Par la voix du Premier ministre Jean Castex, la France a annoncé s’opposer, « en l’état », à l’accord entre l’Union européenne et le Mercosur expliquant sa position par la déforestation qui « met en péril la biodiversité et dérègle le climat ».
Les eurodéputés de la délégation de la gauche sociale et écologique accueillent cette prise de position avec intérêt, mais restent particulièrement vigilants car, en même temps, la France dit rester ouverte à un accord, le subordonnant à trois exigences politiques : empêcher la déforestation importée, rendre juridiquement contraignant l’accord de Paris et enfin augmenter la fréquence des contrôles douaniers et la qualité de la traçabilité.
L’idée est séduisante de prime abord ; ces exigences sont bienvenues mais hélas insuffisantes. Elles ne modifient pas le principe de l’accord, arrêté il y a plus de vingt ans – une éternité !
Car quand bien même ces engagements seraient pris, qui peut croire une seule seconde dans la parole de M. Bolsonaro au Brésil, alors que la déforestation ravage l’Amazonie ? Comment l’importation de viande de bœuf d’Amérique du Sud peut-elle être compatible de quelque façon que ce soit avec l’accord de Paris ? Quelle peut bien être la plus-value environnementale de cet accord ? Comment s’assurer de celle-ci lorsque les dispositions relatives au développement durable ne sont pas sanctionnées ? C’est un contresens et une absurdité.
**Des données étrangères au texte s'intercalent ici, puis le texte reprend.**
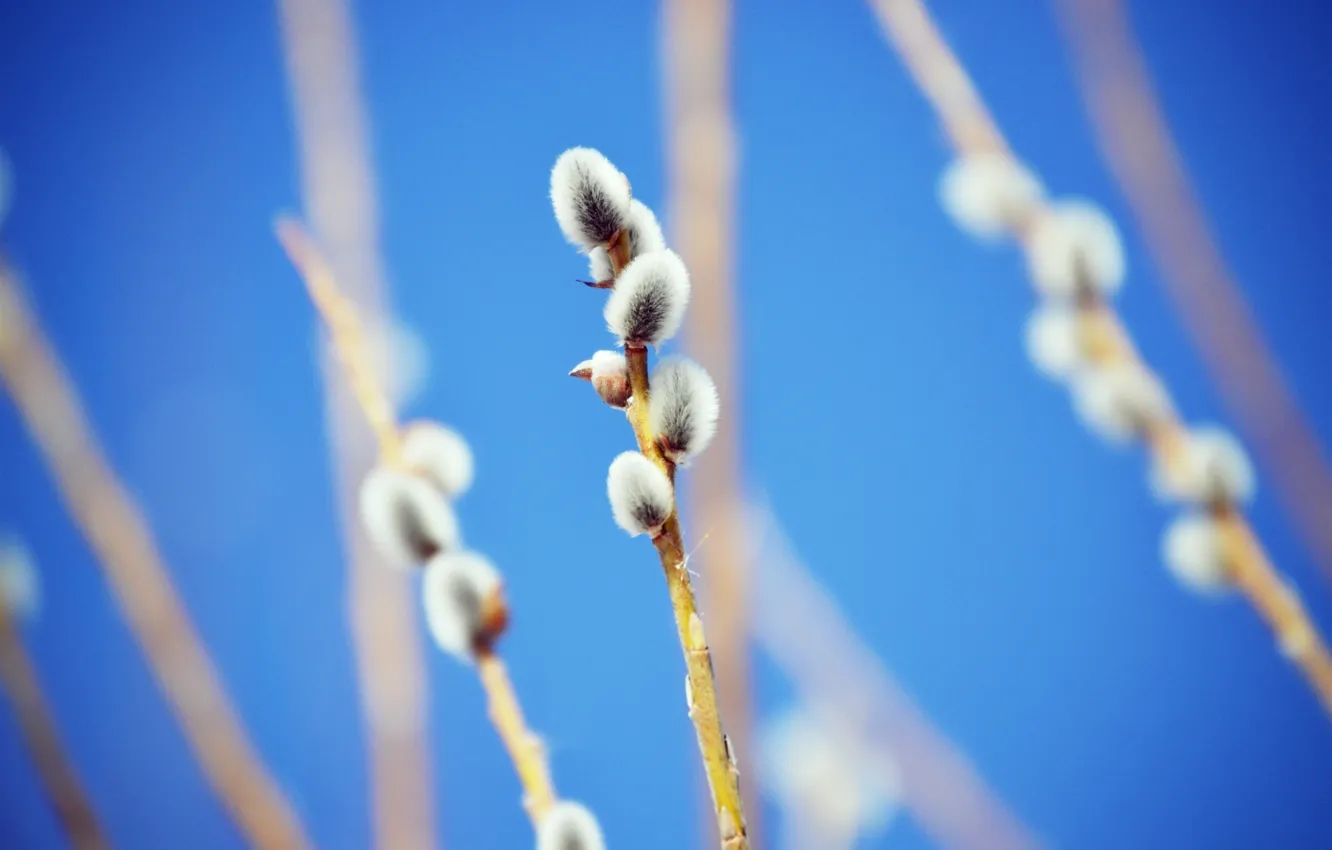 Photo wallpaper the sky, minimalism, beautiful, Sunny, Verba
Pour Raphaël Glucksmann, membre de la commission du Commerce international, « ces accords commerciaux sont périmés et ne correspondent plus à notre époque, faite de circuits courts, de qualité, de protection de l’environnement et des droits humains. »
Il faut revenir aux faits : les chiffres sont accablants et la menace que fait peser cet accord sur la transition de nos systèmes agricoles et industriels est réelle : explosion des quotas d’importation de bœuf et d’éthanol, levée des droits de douane sur les pesticides. D’ailleurs, le 18 septembre dernier, nous avons appris qu’avec le Canada, dans le cadre du CETA, des défaillances dans le contrôle des importations en Europe avaient amené du bœuf aux hormones dans nos assiettes. Comment croire en la promesse d’augmenter la fréquence des contrôles douaniers, quand on sait qu’aujourd’hui aucun test n’est effectué sur les importations de soja résistant au glyphosate pour en mesurer la présence de résidus de pesticides ?
Et Eric Andrieu, membre de la commission de l’Agriculture, de conclure : « Faire venir du bout du monde ce que nous avons déjà chez nous est insensé ! La production européenne subit déjà une grave crise de surproduction. On ne peut pas, d’un côté, promouvoir une agriculture durable et, dans le même temps, faire venir sa viande de l’autre bout de la planète, en favorisant un modèle agricole intensif responsable de 80 % de la destruction de la forêt amazonienne ».